Our primary sources of liquidity and capital resources are cash flow generated from operations, borrowings under our senior credit facility, the issuance of equity and debt securities and proceeds from sales or other monetization of assets. As described in “Recent Developments,” we received proceeds of $338.7 million in April 2011 as partial consideration for conveyance of royalty interests on certain of our oil and natural gas properties to the Trust. Our primary uses of capital are expenditures related to our oil and natural gas properties and other fixed assets, the acquisition of oil and natural gas properties, the repayment of amounts outstanding on our senior credit facility, the payment of dividends on our outstanding convertible perpetual preferred stock and interest payments on our outstanding debt. We maintain access to funds that may be needed to meet capital funding requirements through our senior credit facility.
Working Capital
Our working capital balance fluctuates as a result of the timing and amount of borrowings or repayments under our credit arrangements and changes in the fair value of our outstanding commodity derivative instruments. Absent any significant effects from our commodity derivative instruments, we typically have a working capital deficit or a relatively small amount of positive working capital because our capital spending generally has exceeded our cash flows from operations and we generally use excess cash to pay down borrowings outstanding under our credit arrangements.
At March 31, 2011, we had a working capital deficit of $470.1 million compared to a deficit of $368.9 million at December 31, 2010. Current assets increased $23.2 million at March 31, 2011, compared to current assets at December 31, 2010, primarily due to an increase in accounts receivable balances as a result of increased oil production and prices. Current liabilities increased $124.5 million, primarily due to a $130.7 million increase in the liability positions on our current derivative contracts, resulting primarily from an increase in average oil prices compared to the contract price at March 31, 2011.

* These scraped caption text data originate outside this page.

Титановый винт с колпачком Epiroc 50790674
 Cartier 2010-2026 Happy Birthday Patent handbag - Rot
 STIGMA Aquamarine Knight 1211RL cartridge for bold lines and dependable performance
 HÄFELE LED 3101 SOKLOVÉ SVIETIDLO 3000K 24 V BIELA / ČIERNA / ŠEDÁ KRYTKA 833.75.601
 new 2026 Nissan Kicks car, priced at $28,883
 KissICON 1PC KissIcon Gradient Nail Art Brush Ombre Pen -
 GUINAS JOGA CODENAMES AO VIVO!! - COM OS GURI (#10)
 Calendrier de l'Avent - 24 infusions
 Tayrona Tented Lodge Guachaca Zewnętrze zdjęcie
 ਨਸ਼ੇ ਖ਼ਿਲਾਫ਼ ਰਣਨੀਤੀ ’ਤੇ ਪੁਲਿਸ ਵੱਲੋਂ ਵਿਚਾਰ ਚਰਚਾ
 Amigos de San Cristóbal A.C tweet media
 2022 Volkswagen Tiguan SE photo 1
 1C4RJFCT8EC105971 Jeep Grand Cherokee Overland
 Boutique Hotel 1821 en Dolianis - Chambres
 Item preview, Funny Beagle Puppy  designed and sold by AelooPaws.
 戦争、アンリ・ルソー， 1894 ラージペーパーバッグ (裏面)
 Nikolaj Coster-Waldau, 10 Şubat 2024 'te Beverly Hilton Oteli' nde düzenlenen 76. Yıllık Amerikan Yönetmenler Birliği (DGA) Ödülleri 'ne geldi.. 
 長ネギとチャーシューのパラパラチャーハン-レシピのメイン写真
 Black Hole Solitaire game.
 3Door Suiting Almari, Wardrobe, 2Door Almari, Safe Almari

We expect to fund our planned capital expenditures budget, debt service requirements and working capital needs for 2011 based on cash flow from operating activities, availability under our senior credit facility, potential access to the capital markets and anticipated proceeds from sales or other monetizations of assets. In April 2011, we received net proceeds of $338.7 million as partial consideration for the conveyance of royalty interests to the Trust. See “Recent Developments” for discussion of the Trust.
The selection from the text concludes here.